Defendants are a set of companies related to and individuals involved with Edward D. Jones & Co., L.P. and the Jones Financial Companies, L.L.L.P. (together "Defendants" or "Edward Jones"). Am. Compl. ¶¶ 12-33. Edward Jones is an investment firm headquartered in St. Louis, Missouri and dually registered as a broker-dealer and as an investment advisor under federal and state securities laws. Id. ¶ 13.

Edward Jones historically focused on offering commission-based accounts, whereby clients received free counsel and guidance and were not charged the flat, per-transaction fee unless and until they completed a transaction. Id. ¶¶ 34-35. This type of account and free arrangement reflected the buy-and-hold investing strategy Edward Jones advocated to its clients, many of whom did not trade frequently. Id. ¶¶ 36-37.
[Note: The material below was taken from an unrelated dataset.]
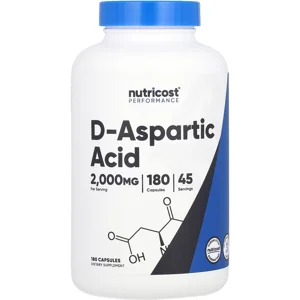 D-Aspartic Acid 2000mg 180 Pills - Nutricost (DAA) (2000mg Per 4 Capsules) Bottle - Lebanon Supplements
In 2008 Edward Jones introduced a fee-based platform, Advisory Solutions, with accounts which charged a set percentage annual expense fee, regardless of the number of transactions executed. Id. ¶ 39. Advisory Solutions accounts also gave clients access to a propriety Edward Jones mutual fund product called Bridge Builder, which was introduced in 2013. Id. ¶ 40. In 2016, Edward Jones launched a second fee-based advisory service called Guided Solutions, which touted more client control than Advisory Solutions and which included as "Eligible Investments" certain fund families owned by Edward Jones and from which Edward Jones could receive additional fees. Id. ¶¶ 57-59. Plaintiffs allege Edward Jones coerced clients into moving assets from their existing commission-based accounts into the fee-based Advisory Solutions and Guided Solutions programs (together, the "Advisory Programs"), doing so to grow its bottom line regardless of whether such a move was suitable for and served the best interests of the clients. Id. ¶¶ 40, 58, 65.

Plaintiffs allege Edward Jones aggressively pushed clients into fee-based accounts not only to increase revenue from clients who traded infrequently, but also to avoid certain burdensome disclosure requirements posed by the Department of Labor ("DOL") Fiduciary Rule. Id. ¶¶ 41-46. Proposed in 2015, the DOL Fiduciary Rule allegedly would have imposed stricter disclosures requirements and a fiduciary status on commission-based accounts. Id. ¶¶ 42-44. As relevant here, Plaintiffs allege Edward Jones received hundreds of millions of dollars annually from mutual fund companies and insurers as part of agreements to promote products to Edward Jones clients, and the DOL Fiduciary Rule would prohibit these recommendations and promotional payments to financial advisors absent certain acknowledgements and disclosures. Id. ¶¶ 43-46. As alleged by Plaintiffs, Edward Jones framed the DOL Fiduciary Rule as having a negative impact on its lower- and moderate-income customers and misled clients by justifying its shift to fee-based accounts as necessary to avoid those negative impacts. Id. ¶¶ 49-50, 61, 63.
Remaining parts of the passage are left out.